# Feature Aggregation and Anchor-Free Detection Head

**Notebook 3 of 5 in the YOLOv11 From-Scratch Series**

In this notebook we build the **neck** and **detection head** of YOLOv11. The backbone (Notebook 2) produces multi-scale feature maps P3, P4, and P5, but these features are not yet ready for detection:

- **Deep features (P5)** have strong semantics but poor spatial resolution.
- **Shallow features (P3)** have fine spatial detail but weak semantics.

The neck bridges this gap through bidirectional feature fusion:

1. **FPN (Feature Pyramid Network)** --- top-down pathway that propagates high-level semantic information to lower-level features.
2. **PAN (Path Aggregation Network)** --- bottom-up pathway that propagates strong localization signals back up.
3. **C2PSA (Channel Attention)** --- lightweight partial self-attention for feature refinement.
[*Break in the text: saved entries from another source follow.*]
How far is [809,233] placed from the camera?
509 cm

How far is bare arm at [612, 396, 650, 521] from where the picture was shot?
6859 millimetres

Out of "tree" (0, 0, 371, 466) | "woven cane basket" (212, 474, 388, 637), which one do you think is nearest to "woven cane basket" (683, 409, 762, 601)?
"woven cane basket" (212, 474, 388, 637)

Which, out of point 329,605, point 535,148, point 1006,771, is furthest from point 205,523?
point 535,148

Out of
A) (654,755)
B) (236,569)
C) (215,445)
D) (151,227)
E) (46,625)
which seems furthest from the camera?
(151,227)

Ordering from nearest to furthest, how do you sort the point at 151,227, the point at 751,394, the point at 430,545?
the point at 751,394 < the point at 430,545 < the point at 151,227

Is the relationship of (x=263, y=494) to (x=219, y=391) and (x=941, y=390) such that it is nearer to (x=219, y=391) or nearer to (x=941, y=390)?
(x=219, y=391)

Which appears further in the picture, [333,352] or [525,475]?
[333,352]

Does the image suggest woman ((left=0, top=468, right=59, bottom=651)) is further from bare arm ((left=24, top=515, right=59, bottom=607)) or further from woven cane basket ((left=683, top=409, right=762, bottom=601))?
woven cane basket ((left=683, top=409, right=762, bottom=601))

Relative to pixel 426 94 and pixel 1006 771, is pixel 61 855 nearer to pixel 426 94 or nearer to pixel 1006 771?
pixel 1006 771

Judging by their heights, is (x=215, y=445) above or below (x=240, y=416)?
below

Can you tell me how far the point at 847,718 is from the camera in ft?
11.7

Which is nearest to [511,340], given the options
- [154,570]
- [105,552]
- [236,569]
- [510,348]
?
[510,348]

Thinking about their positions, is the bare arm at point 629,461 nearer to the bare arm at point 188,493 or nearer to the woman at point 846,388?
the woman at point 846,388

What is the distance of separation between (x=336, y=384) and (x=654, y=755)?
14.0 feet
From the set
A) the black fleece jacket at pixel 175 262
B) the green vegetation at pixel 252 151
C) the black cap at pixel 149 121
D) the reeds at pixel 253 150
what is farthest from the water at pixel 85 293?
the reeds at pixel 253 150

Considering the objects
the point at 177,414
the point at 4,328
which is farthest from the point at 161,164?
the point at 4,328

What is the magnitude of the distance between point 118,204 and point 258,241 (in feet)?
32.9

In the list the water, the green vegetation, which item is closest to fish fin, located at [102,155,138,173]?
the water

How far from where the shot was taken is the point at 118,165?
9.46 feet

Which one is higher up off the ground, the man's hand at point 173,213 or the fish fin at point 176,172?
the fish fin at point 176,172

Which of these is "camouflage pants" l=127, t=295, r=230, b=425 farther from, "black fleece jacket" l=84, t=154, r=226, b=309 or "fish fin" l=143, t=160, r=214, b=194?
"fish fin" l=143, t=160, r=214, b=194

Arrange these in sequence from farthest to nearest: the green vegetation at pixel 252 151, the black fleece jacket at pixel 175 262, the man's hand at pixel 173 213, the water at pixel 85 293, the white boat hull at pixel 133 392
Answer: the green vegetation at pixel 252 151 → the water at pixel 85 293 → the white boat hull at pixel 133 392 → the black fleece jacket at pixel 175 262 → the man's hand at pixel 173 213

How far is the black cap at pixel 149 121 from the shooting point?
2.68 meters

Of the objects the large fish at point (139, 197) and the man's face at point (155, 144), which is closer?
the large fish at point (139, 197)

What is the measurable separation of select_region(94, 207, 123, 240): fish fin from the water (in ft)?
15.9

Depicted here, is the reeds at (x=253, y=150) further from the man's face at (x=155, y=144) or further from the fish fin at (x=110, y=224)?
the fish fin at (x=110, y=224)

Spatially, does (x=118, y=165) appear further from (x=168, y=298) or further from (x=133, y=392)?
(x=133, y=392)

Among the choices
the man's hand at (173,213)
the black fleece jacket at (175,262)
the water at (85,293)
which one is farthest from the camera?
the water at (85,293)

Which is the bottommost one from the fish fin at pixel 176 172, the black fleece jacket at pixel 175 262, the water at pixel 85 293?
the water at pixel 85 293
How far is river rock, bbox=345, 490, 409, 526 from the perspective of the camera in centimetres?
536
On top of the fused features, a **decoupled anchor-free detection head** independently predicts:

- **Classification logits** --- probability distribution over object classes.
- **Box regression offsets** --- encoded via **Distribution Focal Loss (DFL)** for precise localization.
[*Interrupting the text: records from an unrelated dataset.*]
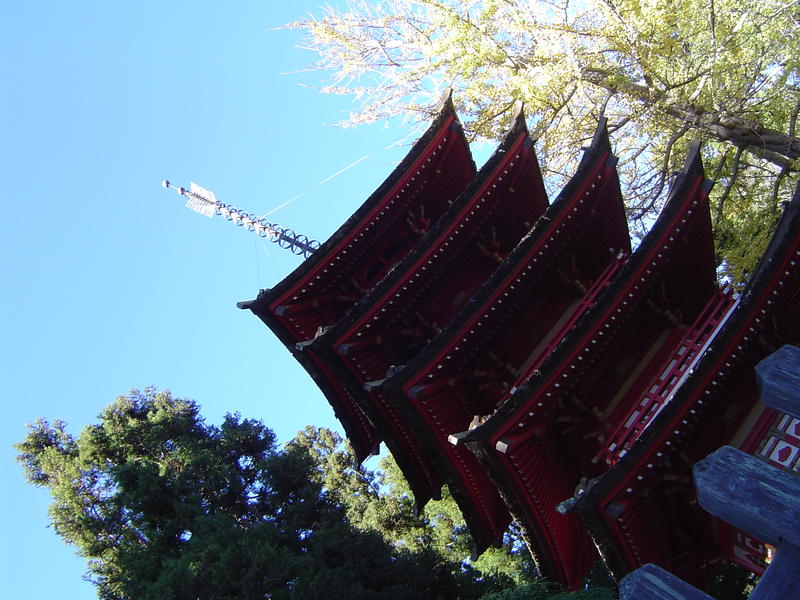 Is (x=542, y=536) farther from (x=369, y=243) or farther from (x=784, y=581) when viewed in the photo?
(x=784, y=581)

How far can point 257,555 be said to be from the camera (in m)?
13.5

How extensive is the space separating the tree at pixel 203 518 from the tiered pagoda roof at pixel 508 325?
191 inches

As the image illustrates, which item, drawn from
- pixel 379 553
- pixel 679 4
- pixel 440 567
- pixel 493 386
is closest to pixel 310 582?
pixel 379 553

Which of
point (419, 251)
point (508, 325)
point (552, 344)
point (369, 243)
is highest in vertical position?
point (369, 243)

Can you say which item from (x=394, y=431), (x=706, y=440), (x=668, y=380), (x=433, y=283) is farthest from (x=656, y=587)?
(x=394, y=431)

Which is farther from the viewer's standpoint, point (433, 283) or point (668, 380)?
point (433, 283)

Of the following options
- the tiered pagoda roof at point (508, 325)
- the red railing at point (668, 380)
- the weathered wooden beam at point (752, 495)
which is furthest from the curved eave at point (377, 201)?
the weathered wooden beam at point (752, 495)

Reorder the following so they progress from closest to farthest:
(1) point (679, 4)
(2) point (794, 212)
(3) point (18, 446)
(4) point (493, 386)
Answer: (2) point (794, 212)
(4) point (493, 386)
(1) point (679, 4)
(3) point (18, 446)

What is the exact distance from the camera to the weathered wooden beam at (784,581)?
136 inches

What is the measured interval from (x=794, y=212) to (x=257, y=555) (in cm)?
1106

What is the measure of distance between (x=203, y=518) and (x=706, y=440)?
11.1m

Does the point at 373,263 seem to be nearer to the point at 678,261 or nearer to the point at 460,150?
the point at 460,150

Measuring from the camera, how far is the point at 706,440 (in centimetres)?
756

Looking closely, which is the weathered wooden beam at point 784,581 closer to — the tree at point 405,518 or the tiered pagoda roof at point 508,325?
the tiered pagoda roof at point 508,325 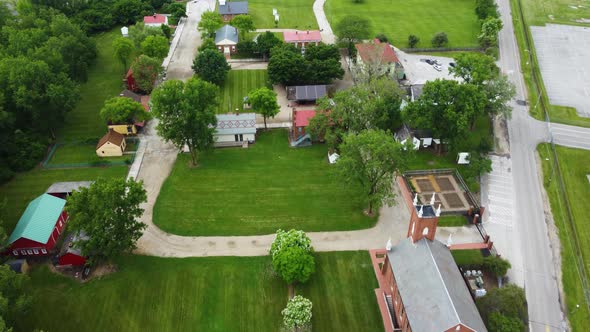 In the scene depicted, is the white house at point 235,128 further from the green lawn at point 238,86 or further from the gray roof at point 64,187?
the gray roof at point 64,187

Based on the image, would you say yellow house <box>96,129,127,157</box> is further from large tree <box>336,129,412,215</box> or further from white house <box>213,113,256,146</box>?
large tree <box>336,129,412,215</box>

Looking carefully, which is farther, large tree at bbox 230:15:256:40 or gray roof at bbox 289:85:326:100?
large tree at bbox 230:15:256:40

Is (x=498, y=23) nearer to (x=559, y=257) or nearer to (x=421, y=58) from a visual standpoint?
(x=421, y=58)

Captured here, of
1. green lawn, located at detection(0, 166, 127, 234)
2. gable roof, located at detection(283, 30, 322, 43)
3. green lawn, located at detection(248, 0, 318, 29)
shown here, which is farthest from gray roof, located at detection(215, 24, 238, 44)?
green lawn, located at detection(0, 166, 127, 234)

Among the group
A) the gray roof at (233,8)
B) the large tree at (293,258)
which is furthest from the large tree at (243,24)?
the large tree at (293,258)

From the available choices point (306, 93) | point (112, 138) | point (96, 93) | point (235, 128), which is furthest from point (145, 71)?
point (306, 93)

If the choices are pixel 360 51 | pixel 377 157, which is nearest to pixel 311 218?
pixel 377 157

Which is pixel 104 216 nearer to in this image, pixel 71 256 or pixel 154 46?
pixel 71 256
By the end of this notebook, you will have a complete, forward-passable YOLOv11 model.

In [None]:
# --- Colab Environment Setup ---
import sys
IN_COLAB = "google.colab" in sys.modules
if IN_COLAB:
    %pip install -q matplotlib seaborn scikit-learn scipy tqdm
    print("Colab dependencies installed")


## Imports

In [None]:
import torch
import torch.nn as nn
import torch.nn.functional as F
import matplotlib.pyplot as plt
import numpy as np
from typing import List, Tuple

## Backbone building blocks (from Notebook 2)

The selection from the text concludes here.